Well there's certainly a point where the edge distance won't govern, so you should be able to use a dimensioned edge distance that won't fail. I'm not aware of an actual limit for shear breakout, other than engineering judgement.
 
I don't really have a direct answer to your question, but as the edge distance in the shear direction increases, you will likely get to a point fairly quickly where a failure mechanism other than concrete breakout in the direction of the shear force controls. These other mechanisms could be concrete breakout in the direction perpendicular to the shear force, concrete pryout, or a shear failure of the steel anchor.

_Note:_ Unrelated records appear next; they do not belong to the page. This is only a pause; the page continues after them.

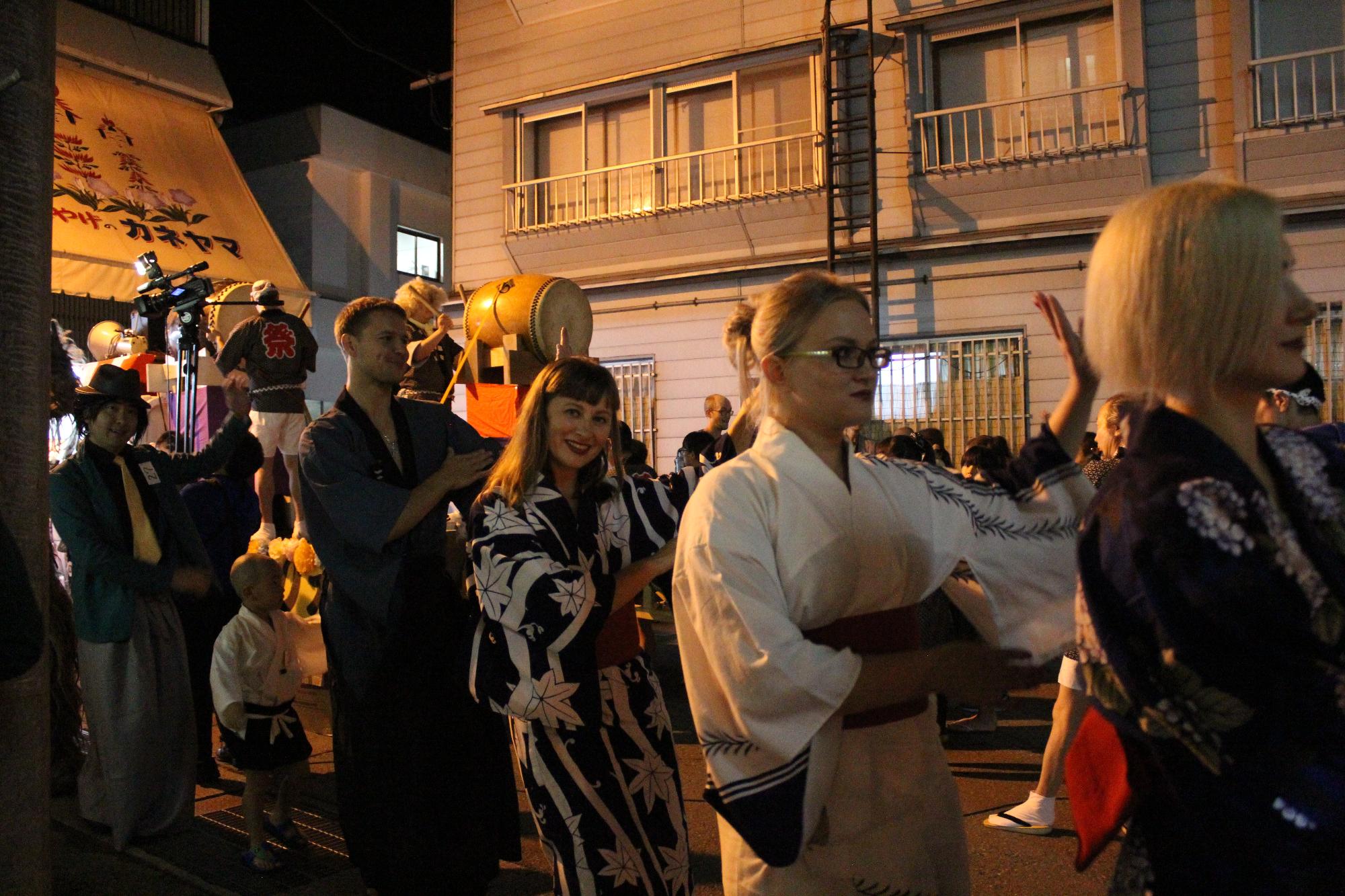 夜の温泉街に和太鼓がおかれ輪になって仮装した姿で盆踊りを踊る人々の写真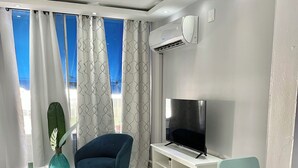 A modern living room with a blue chair, a TV, and a white entertainment unit.
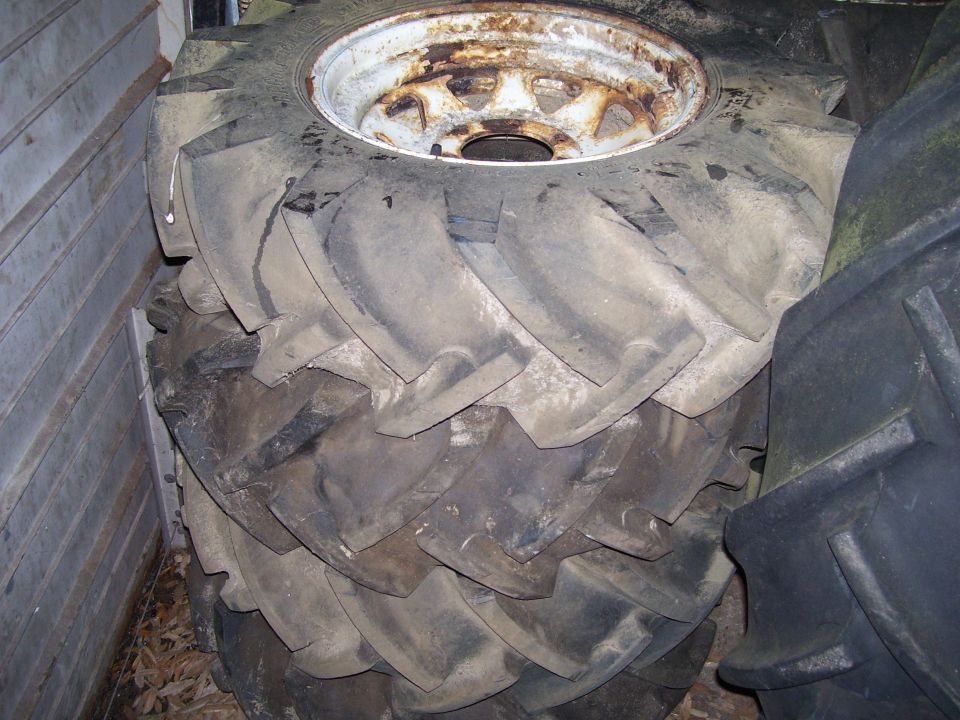 Stack of large tractor tires with rusty rims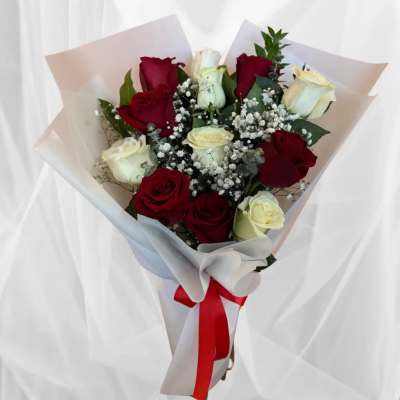 Bouquet of red and white roses wrapped in pale paper with a red ribbon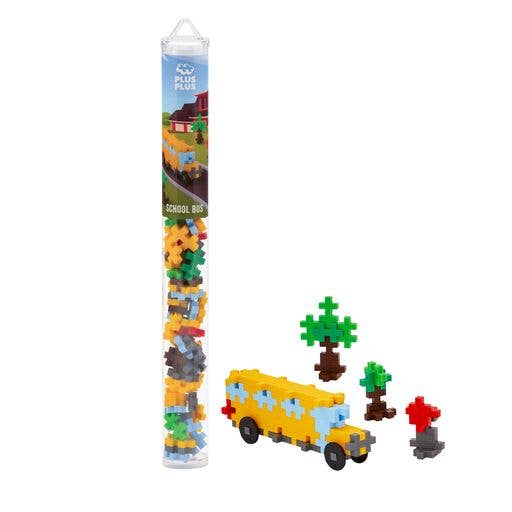 Plus Plus brand mini building block tube to construct a school bus.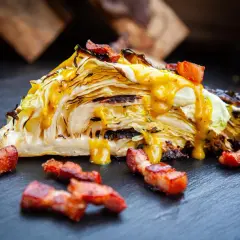 Ein Stück Spitzkohl, gegrillt und mit einem cremigen Senfdressing beträufelt, garniert mit knusprigen Speckwürfeln.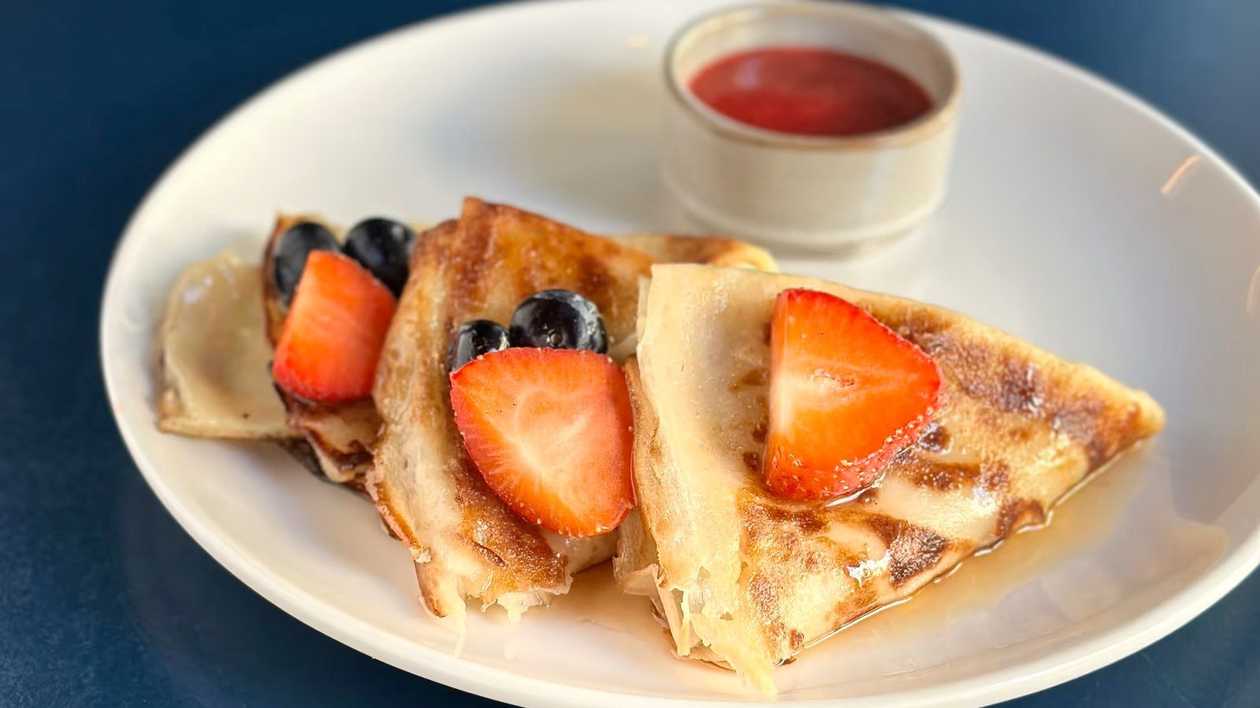 Thin pancakes with fresh berries and jam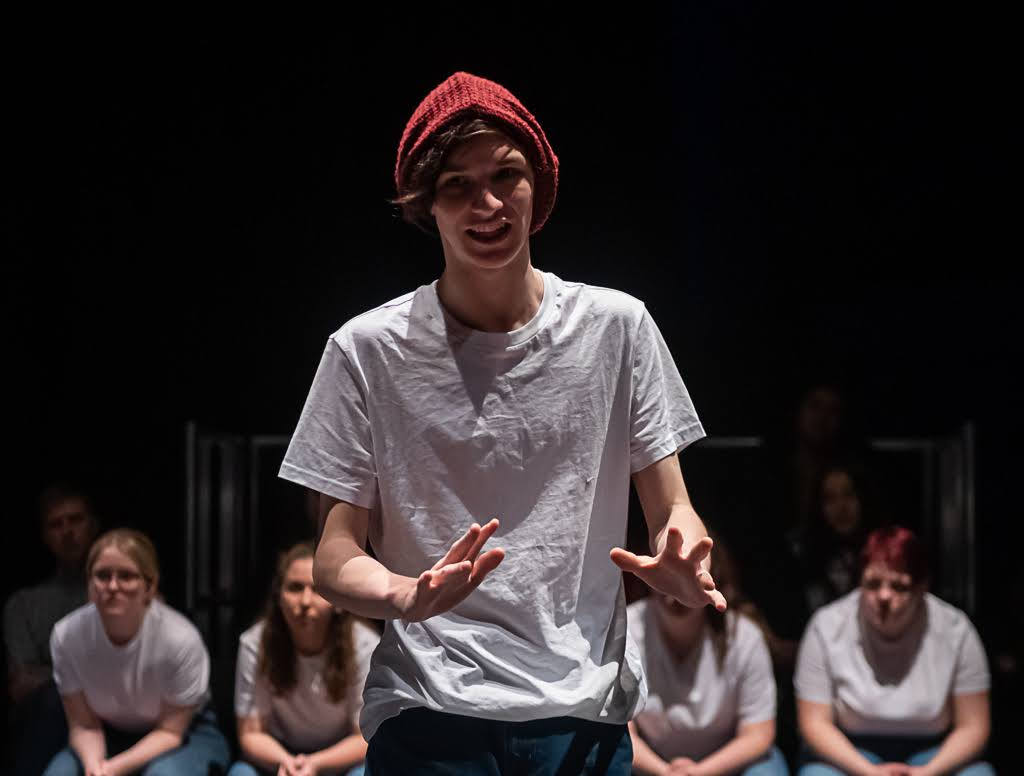 A teenager in a white t-shirt and red hat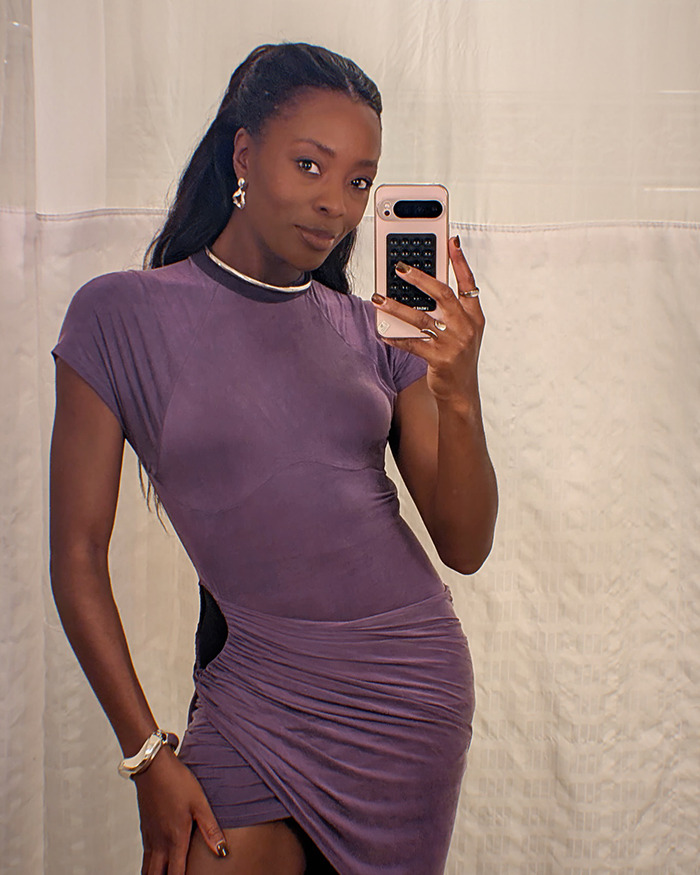 AJ Odudu wearing a purple dress, holding a smartphone, posing for a mirror selfie.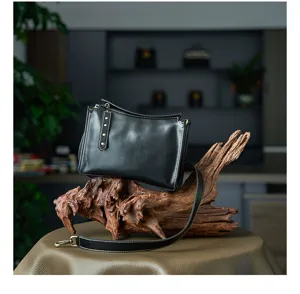 Classic black leather crossbody bag detailed view, premium vegetable tanned leather texture.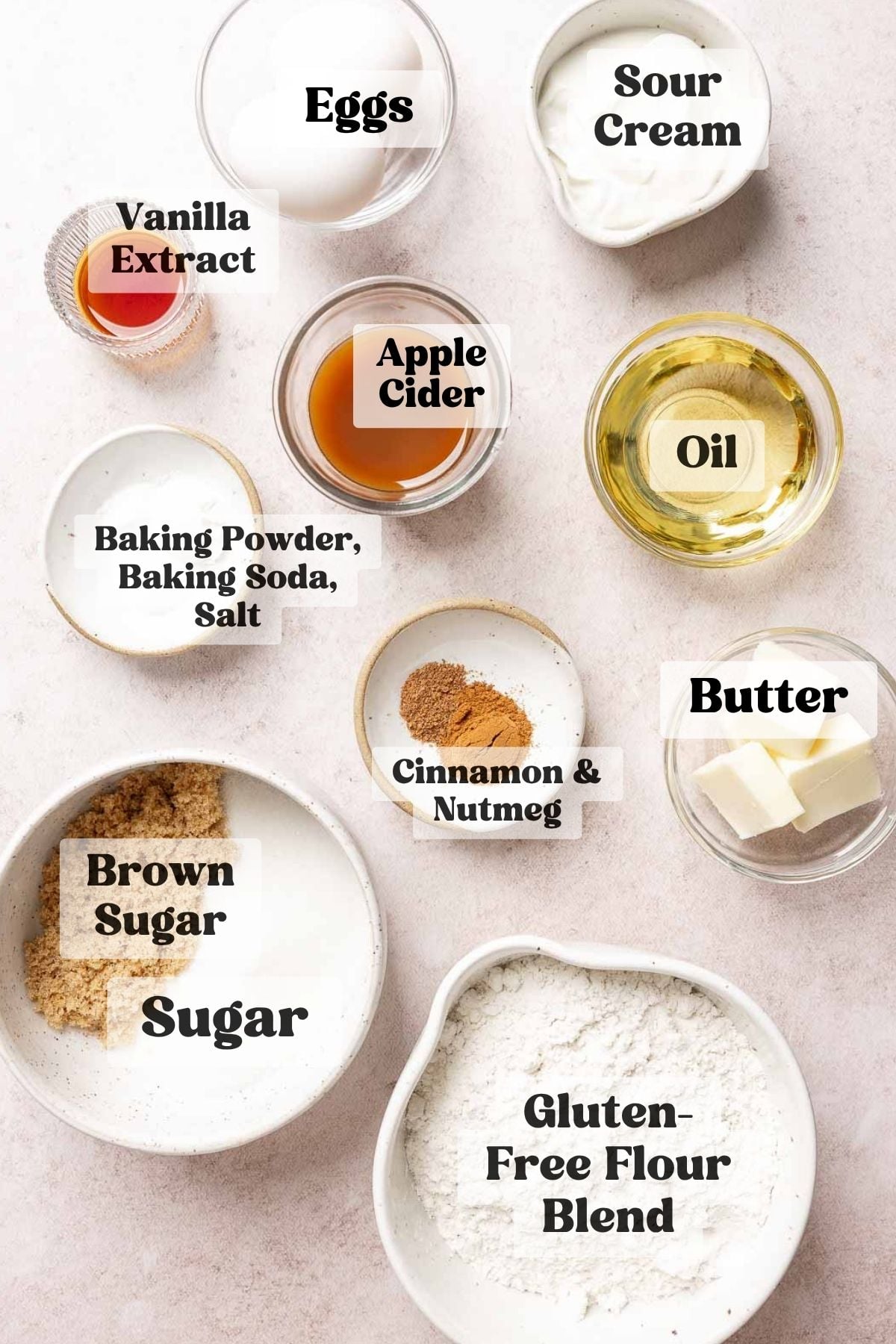 Ingredients for gluten free apple cider donut muffins measured out in bowls.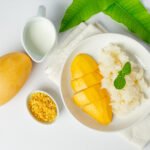 dalam gambar ini ialah pulut mangga dengan sebiji mangga kuning dan santan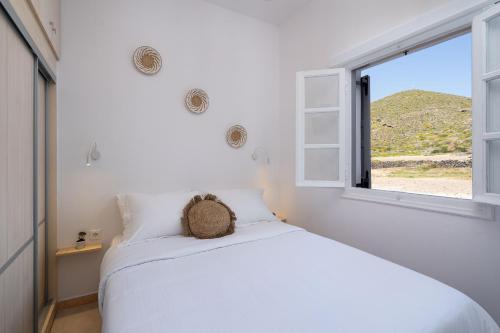 a white bedroom with a bed and a window at Red Beach Harmony suites Sotiria in Akrotiri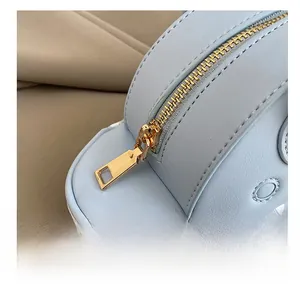 Detail of smooth gold zipper and neat stitching on light blue leather cartoon handbag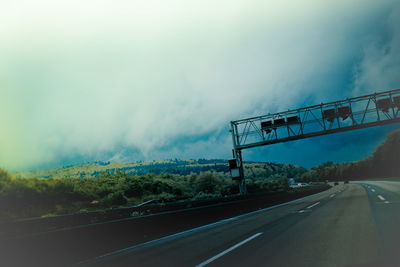 View of road against cloudy sky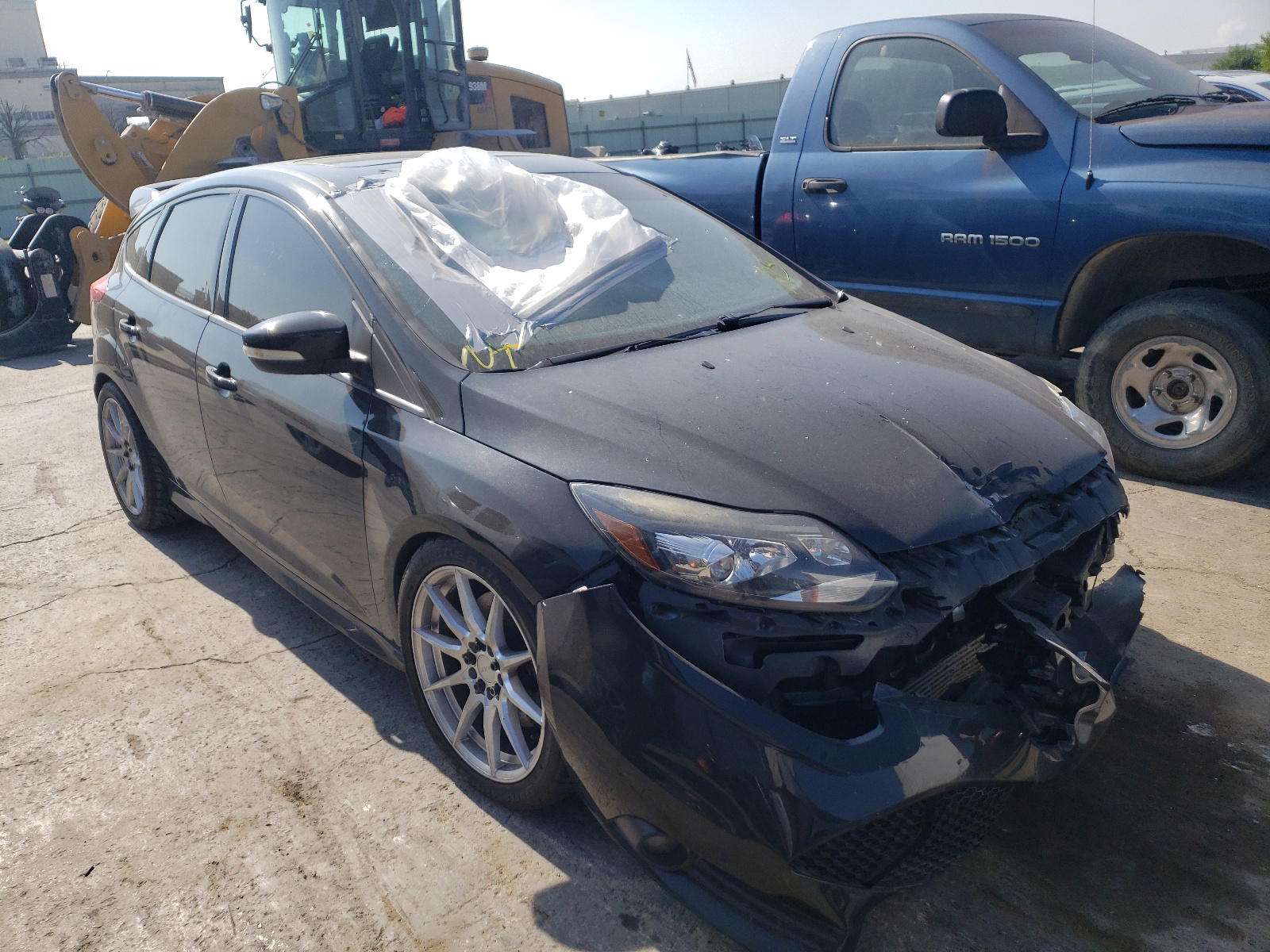 FORD FOCUS ST 2014 with VIN 1FADP3L90EL229542 - Photo from auction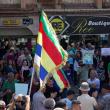 Protesting Syrians in the town of Suwayda hold signs and Druze flags - source: Reuters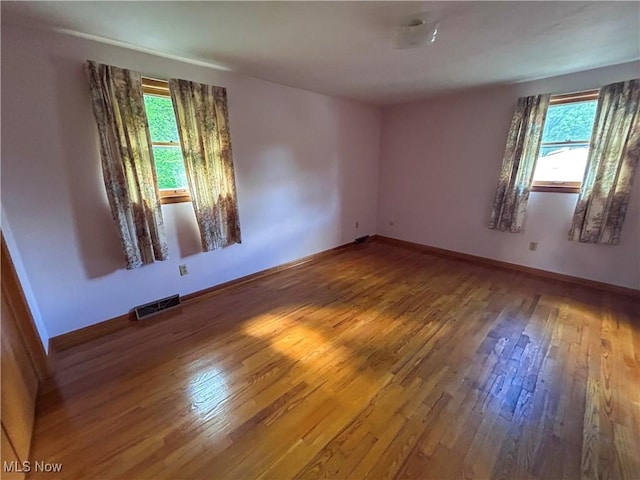 100 Chadwick Ln, Austintown, OH 44515 - unfurnished room with healthy amount of natural light, wood finished floors, and baseboards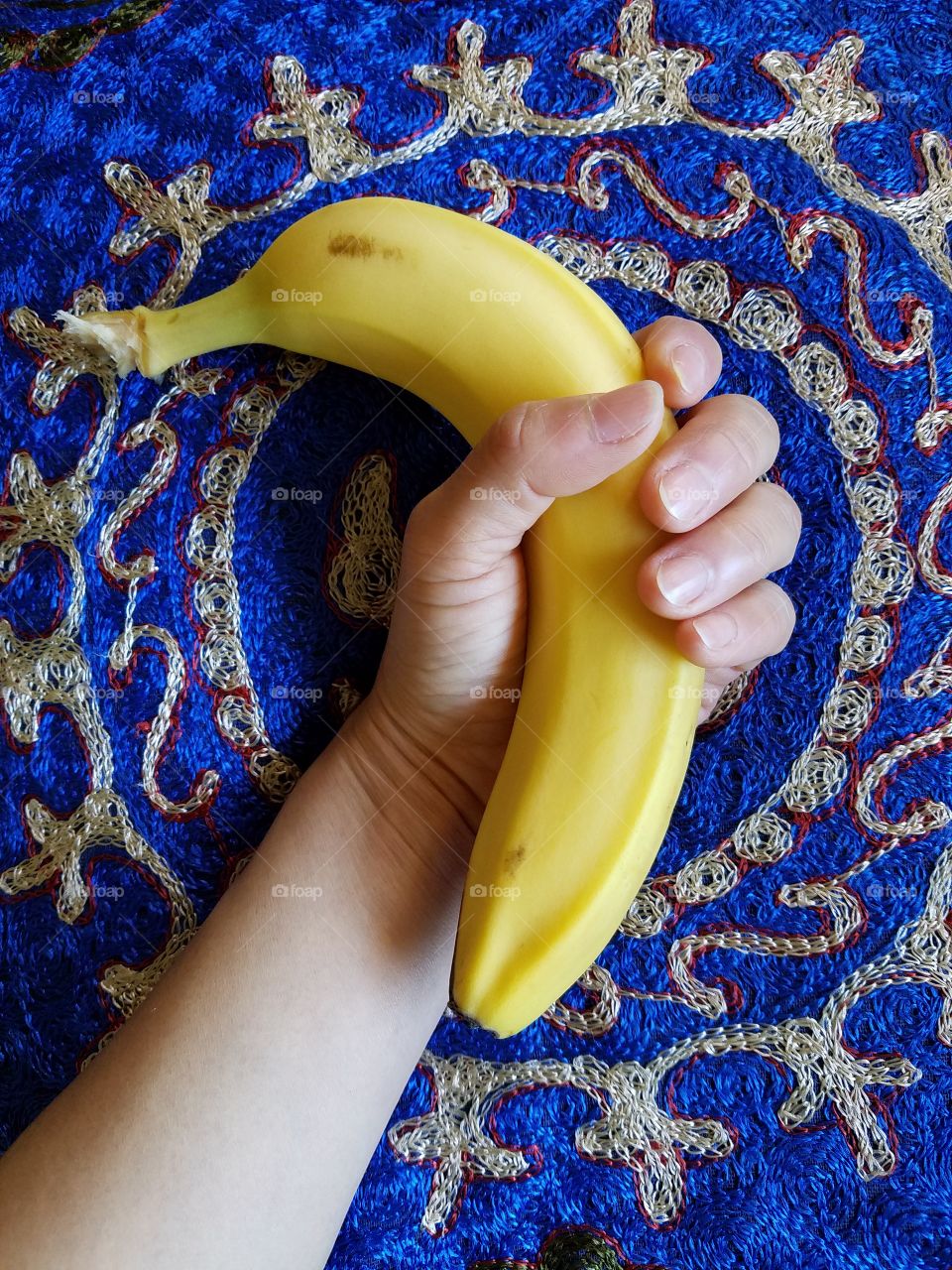 Holding banana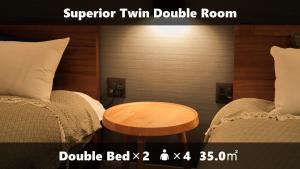 福冈Vieuno Stay Hakata 1的客房设有两张床和一张木桌。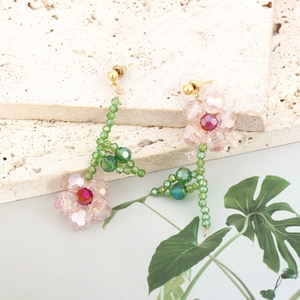 Detail of handmade beaded flower earrings featuring pink crystal petals and green leaves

If your software is only looking at breakout in the direction of the shear force, then I suppose with infinite edge distance, the capacity would be infinite as well. Although, as mentioned, this would be overlooking other failure mechanisms which will control.
 
I encourage you to run through a simple anchorage calculation by hand or spreadsheet. Move the edge distance close to anchor then away from anchor and see how it effects your limit states.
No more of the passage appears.